Top 35 Most Asked Sqoop Interview Questions and Answers

1) What is Sqoop? / Give a short introduction of Apache Sqoop.

Sqoop is an acronym that stands for SQL-TO-HADOOP. Apache Sqoop is a tool used to import data from various types of relational databases. It is an open-source framework and a command-line interface application provided by Apache for transferring data between relational databases (MySQL / PostgreSQL / Oracle / SQL Server / DB2 etc.) and Hadoop (HIVE, HDFS, HBase, etc.). Using Apache Sqoop, we can import data from various types of databases such as MySQL, HDFS, and Hadoop. It also facilitates us to export data from the Hadoop file.

Apache Sqoop provides mainly two facilities, Sqoop export, and Sqoop import that can be used to extract data from various types of databases. Sqoop is robust as it has wide community support and contributions.

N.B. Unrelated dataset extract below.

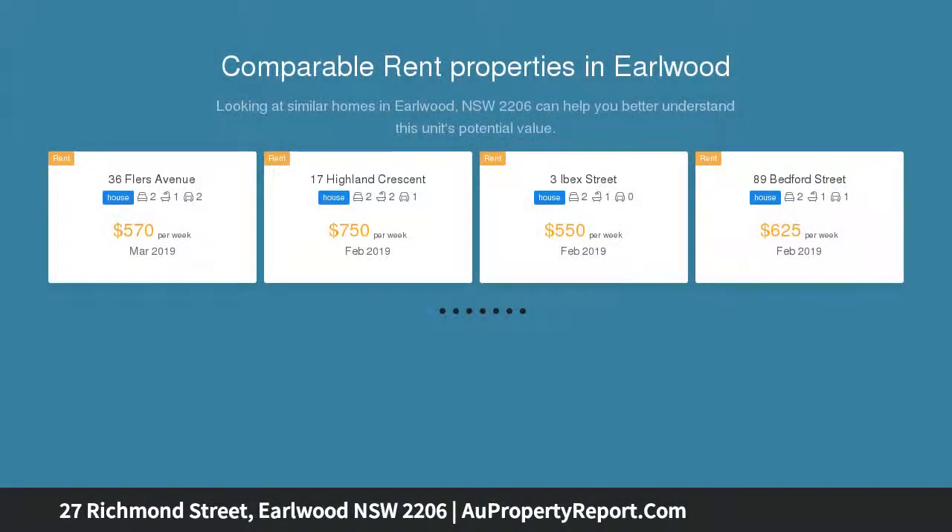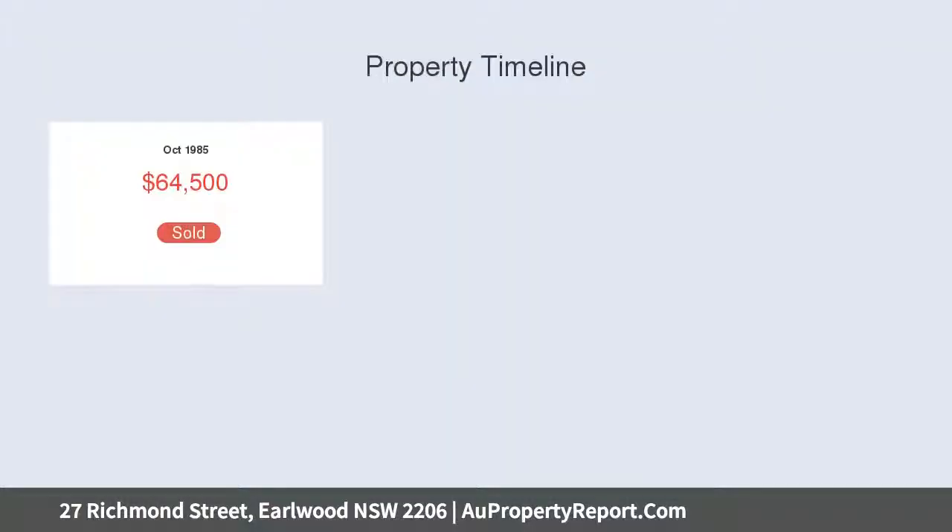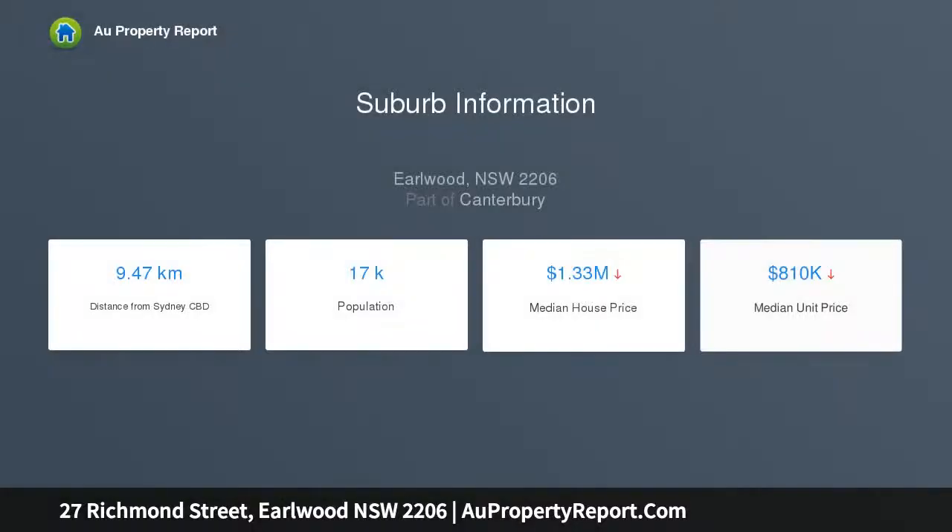Offering three bedrooms with built-ins, stream kitchen and dining leading to a relaxing deck, high ornate ceilings and timber floorboards, laundry with lots of storage, man cave, easy care garden with off-street parking.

2) What is the main usage of Sqoop?

Sqoop is mainly used for transferring the immense data between the relational database and the Hadoop ecosystem. The entire database or individual table is imported to the ecosystem (HDFS), and after modification, it is exported to the database. The Sqoop helps to support the multiple loads in one database table.

3) What is the difference between Sqoop and Flume?

Sqoop and Flume are the Apache tools used for moving data. Let's see the key differences between them.

Sqoop	Flume
Apache Sqoop is a useful Hadoop tool for importing data from RDBMS.	Apache Flume is a service mainly designed for streaming logs into the Hadoop environment.
Apache Sqoop has connector-based architecture.	Apache Flume has an agent-based architecture.
It works efficiently with any type of RDBMS that has JDBC connectivity.	It works well for streaming data sources generated continuously in the Hadoop environment, such as log files from multiple servers.
In Apache Sqoop, data import is not event-driven.	In Apache Flume, data load is event-driven.
In Apache Sqoop, HDFS is the destination for importing data.	In Apache Flume, data flows into HDFS through one or more channels.
Apache Sqoop provides direct input. For example, it can map relational databases and import them directly into Hadoop frameworks such as HBase and Hive.	Apache Flume provides high throughput and low latency.
Apache Sqoop makes data analysis efficient and easy.	Apache Flume has a declarative configuration but provides easy extensibility.
Apache Sqoop is the best choice if the data is stored in databases like Oracle, Teradata, MySQL, SQL Server, PostgreSQL, etc.	Apache Flume is the best choice when we have to move bulk streaming data from various sources like JMS or spooling directory.
Apache Sqoop is mainly used for parallel data transfer and imports as it copies data quickly.	Apache Flume is mainly used for collecting and aggregating data because of its distributed and reliable nature and highly available backup routes.
Several companies are using Apache Sqoop in their projects. For example, the Apollo group (an education company) uses Apache Sqoop to extract data from external databases and inject results of Hadoop jobs back into the RDBMS. Also, coupons.com is using Apache Sqoop for data transferring between its IBM Netezza data warehouse and the Hadoop environment.	Several companies also use Apache Flume. For example, Mozilla uses Apache Flume for the BuildBot project and Elastic Search. Capillary technologies use Apache Flume for aggregating logs. Goibibo uses Apache Flume for transferring logs from the production systems into HDFS.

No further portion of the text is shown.